For Every Season and Sentiment: Magnetic Fields’ “69 Love Songs”
We’ve reached the 13th anniversary of the Magnetic Fields‘ landmark release, 69 Love Songs, and – after many recent listenings – it occurs to me this 3-CD set could use a reappraisal. When it initially came out in 1999, I had so much happening in my own little world that I overlooked the multiple charms, sorrows, joys and existential brilliance contained within this collection. Thus, this is practically my first listen (and certainly my first appreciation).
It’s one of the most guileless, naked collections of songs I’ve ever heard. It’s also one of the most cleverly assembled.
“Do I need to listen to all 69 tracks?” you might ask yourself. Of course not. But why not? If you don’t, you’ll miss lyrics and songs that will make you smile, weep, sign, sob and marvel. They’ll make you envious, wistful and morose. 69 Love Songs islike a good ensemble film. Its author Stephin Merritt is akin to a writer-director and has surrounded himself with a great cast: not necessarily the most-talented or best-known musicians in the world – although they are talented – but the best artists for the job.

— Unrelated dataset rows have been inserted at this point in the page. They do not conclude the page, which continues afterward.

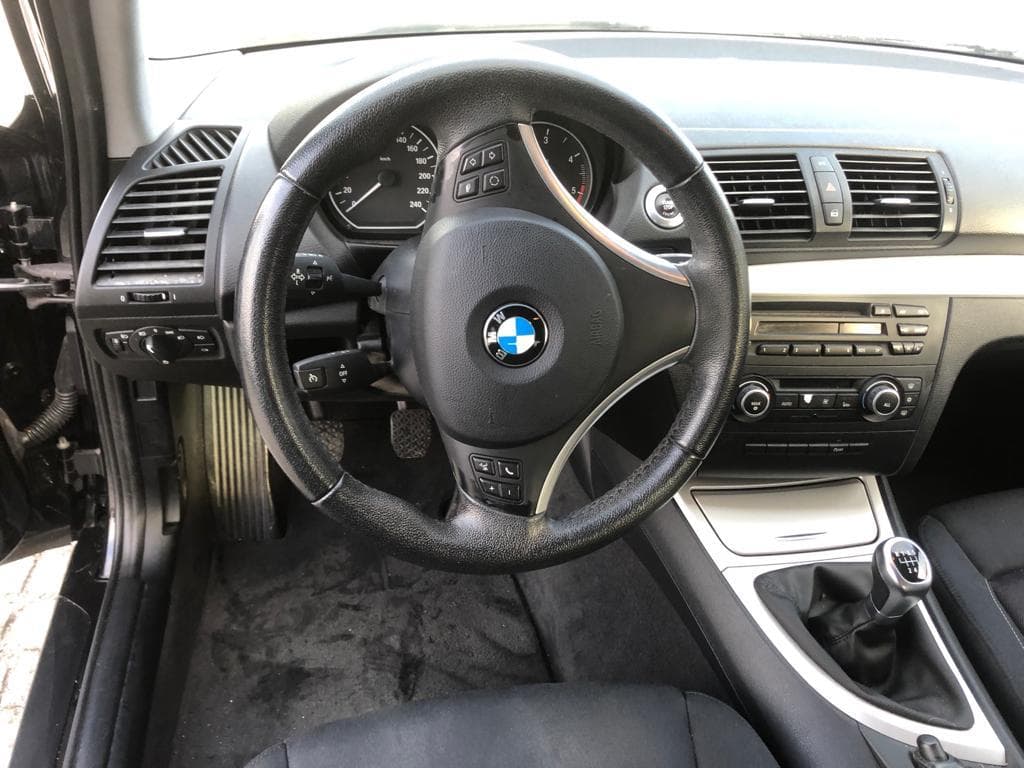BMW 118D · Ano 2010 — image 32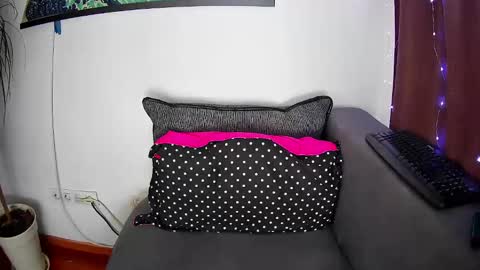 emmakros online show from February 8, 9:24 am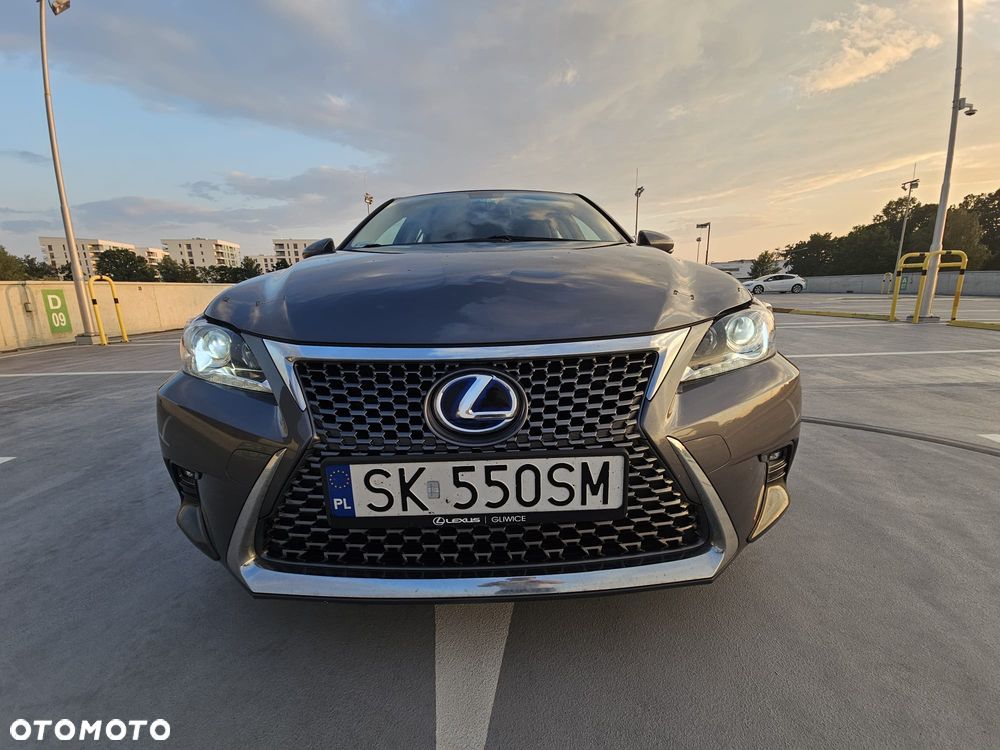 Lexus CT 200h Elegance - 2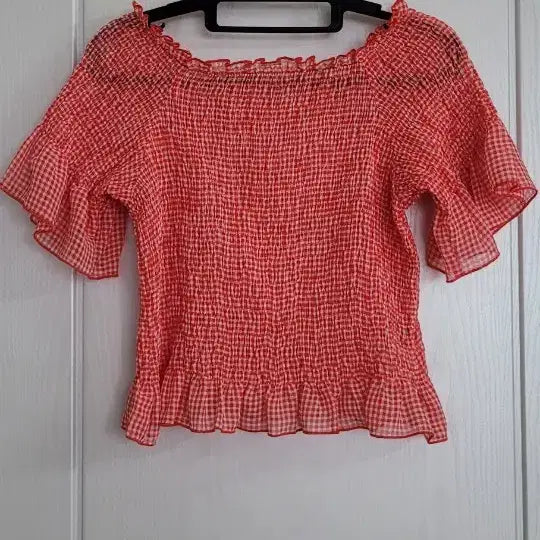 [BUNJANG] Checkered Off-Shoulder Short-Sleeve Blouse / 체크무늬 오프숄더 반팔 블라우스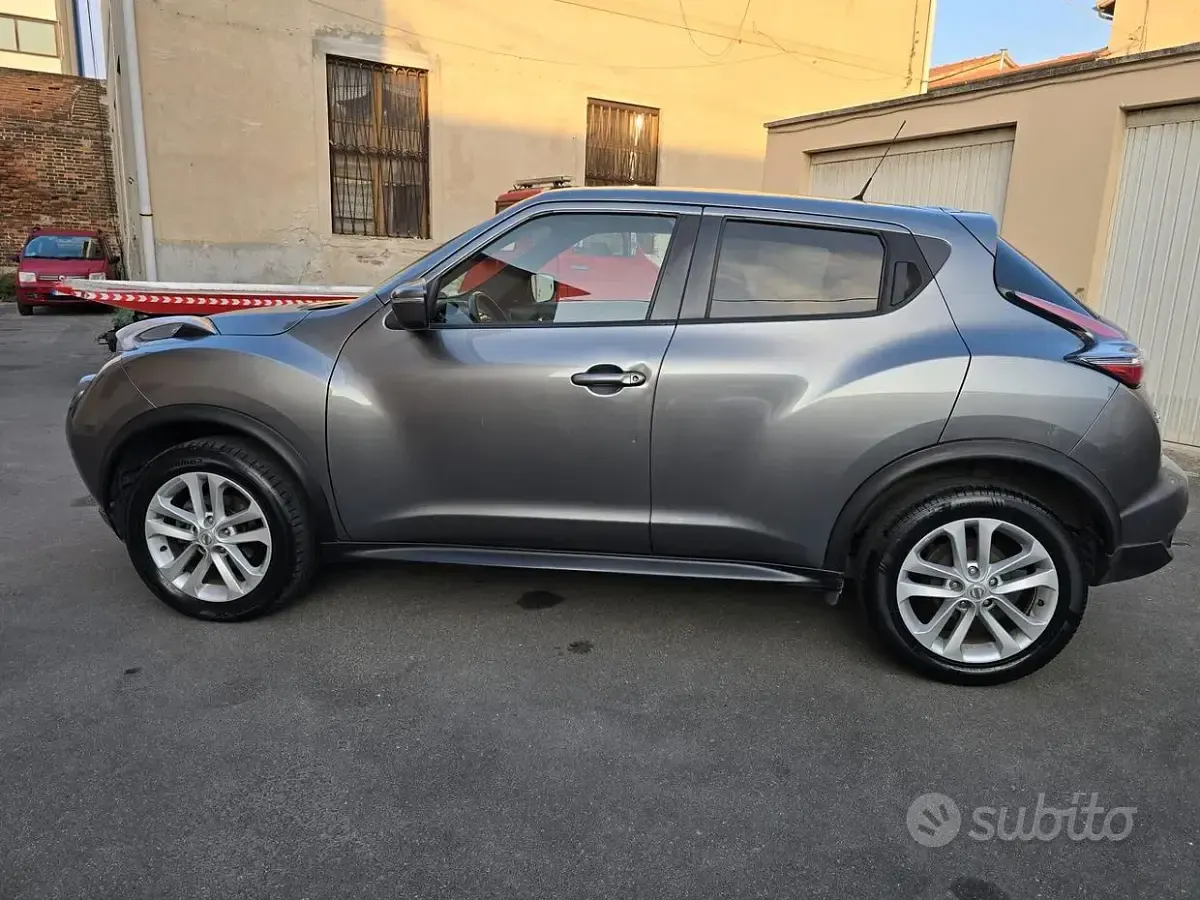 Usata Nissan Juke Acenta 110 CV (80 kW) 2016 Grigio SUV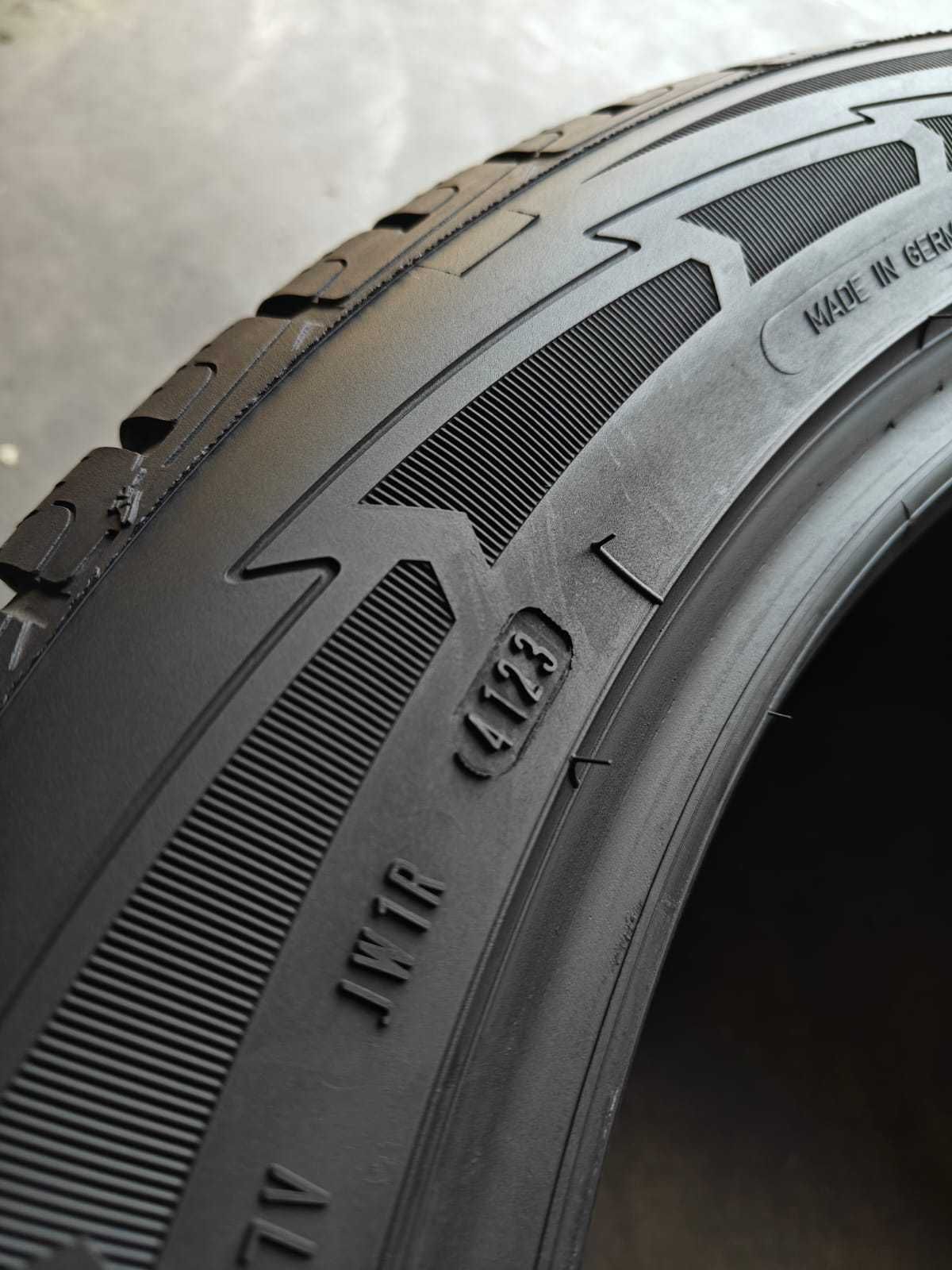 R20 275 45 шини зимові в ідеалі GoodYear Ultragrip Ice SUV майже 24р
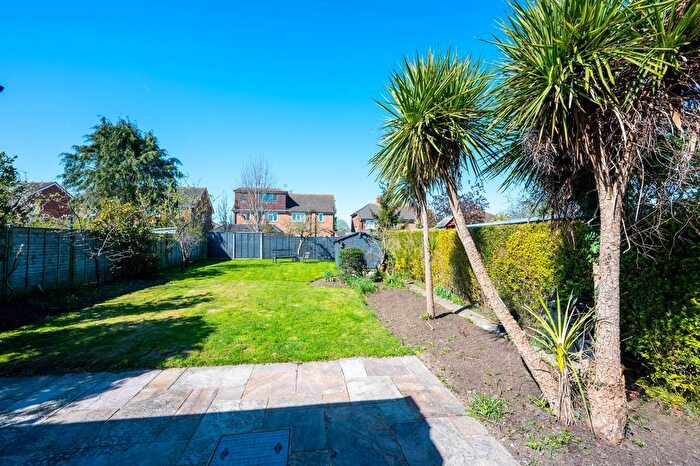 3 Bedroom Bungalow To Rent In Christmas Pie Avenue, Wanborough, Guildford, GU3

The sum is greater than the total of its parts.
And like a good film or any work of art – a book, a play, a piece of musical theater (one reported source of inspiration for Merrit) – 69 Love Songs is comprehensive and substantive enough to reveal new discoveries with each listen.
This week, with Pacific Northwest winter striking full force, I am particularly relating to lyrics like: “There’s one hour of sunshine for a million years of rain but somehow that always seems to be enough” (“Sweet Lovin’ Man”) and “Since you went away, it’s nighttime all day and It’s usually raining too” (“I Don’t Believe in the Sun”). Next week (or next season), I might be parsing other lyrics. Depending on your mood, relationship status, geographical location, attention span, etc., you may have a new favorite song every week, too. But you really don’t want to be without 69 Love Songs.